For most federal rules, you don’t need a map to figure out in which states they’re the current law.  But you do for the 2015 “Clean Water Rule,” which significantly expanded the reach of the Clean Water Act by redefining the term “waters of the United States.”  That’s one reason why, on September 12, 2019, the U.S. Environmental Protection Agency and the U.S. Army Corps of Engineers released a new rule to repeal the Clean Water Rule and restore prior regulations.  This “repeal rule” will take formal effect 60 days after its publication in the Federal Register.

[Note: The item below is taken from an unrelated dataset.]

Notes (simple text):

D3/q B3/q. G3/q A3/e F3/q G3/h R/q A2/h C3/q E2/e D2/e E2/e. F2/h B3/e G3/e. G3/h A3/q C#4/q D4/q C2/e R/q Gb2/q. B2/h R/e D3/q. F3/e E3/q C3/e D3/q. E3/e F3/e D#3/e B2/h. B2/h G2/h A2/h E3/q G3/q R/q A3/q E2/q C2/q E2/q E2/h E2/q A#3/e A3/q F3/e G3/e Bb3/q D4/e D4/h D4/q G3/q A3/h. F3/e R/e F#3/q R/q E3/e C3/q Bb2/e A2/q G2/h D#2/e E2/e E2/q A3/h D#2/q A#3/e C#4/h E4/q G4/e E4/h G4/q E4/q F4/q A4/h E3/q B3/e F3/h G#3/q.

The Clean Water Rule has led a tumultuous legal life since it was issued in mid-2015.  Only a few months after its publication, the U.S. Court of Appeals for the Sixth Circuit stayed its effect across the country.  The Supreme Court would later vacate that stay under the view that district courts, not appellate courts, are the appropriate battleground for the rule’s proponents and critics.  And a battleground they have become.  As we have previously discussed, federal district courts in Georgia and North Dakota have issued injunctions against the rule’s effect in many states.  A federal court in Texas has done the same, with the result that, as things currently stand, the Clean Water Rule is not controlling law in more than half the states.

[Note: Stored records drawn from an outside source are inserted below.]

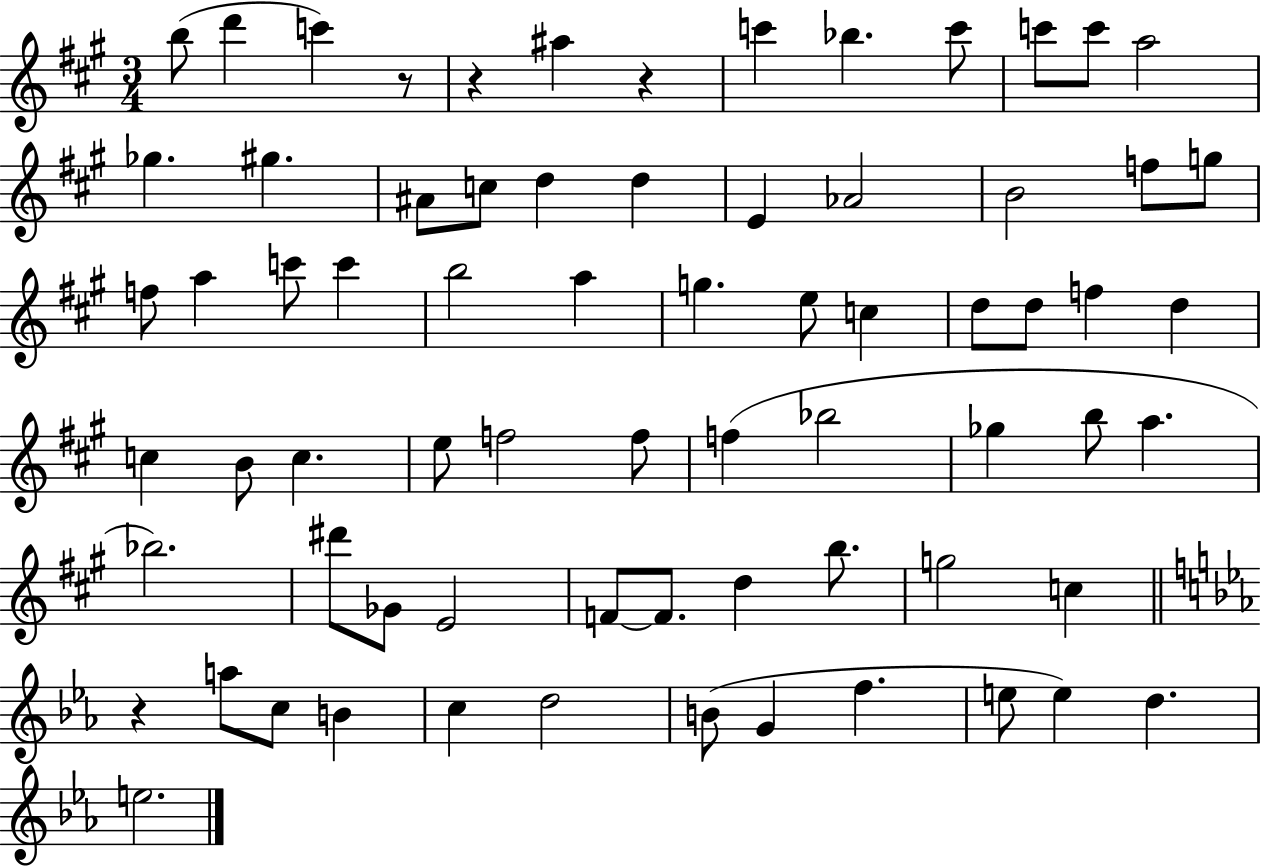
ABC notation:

X:1
T:Untitled
M:3/4
L:1/4
K:A
b/2 d' c' z/2 z ^a z c' _b c'/2 c'/2 c'/2 a2 _g ^g ^A/2 c/2 d d E _A2 B2 f/2 g/2 f/2 a c'/2 c' b2 a g e/2 c d/2 d/2 f d c B/2 c e/2 f2 f/2 f _b2 _g b/2 a _b2 ^d'/2 _G/2 E2 F/2 F/2 d b/2 g2 c z a/2 c/2 B c d2 B/2 G f e/2 e d e2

The new repeal rule will restore national uniformity by undoing the Clean Water Rule’s effect in the remaining 22 states.  As explained in the lengthy preamble to the new rule, the federal agencies now see the Clean Water Rule as exceeding the bounds of their jurisdiction under the Clean Water Act, and quite possibly even Congress’s power under the U.S. Constitution’s Commerce Clause, and they believe that a proper interpretation of the governing statute should give more credence to states’ traditional roles in regulating water resources.   The repeal rule takes particular aim at the 2015 definition of covered “tributaries,” including ephemeral streams that evidence flow only in response to occasional rain, the 2015 rule’s concept of wetlands “neighboring” wetlands, and its use of distance-based jurisdictional limits.

Because of the repeal rule, regulated entities in all 50 states can return to relying on the agencies’ 2008 guidance in response to the Supreme Court’s Rapanos decision, at least for the rest of 2019.  The agencies are expected to publish their “replacement” for the 2015 Clean Water Rule in early 2020.  We’ll have more on that rule when it emerges.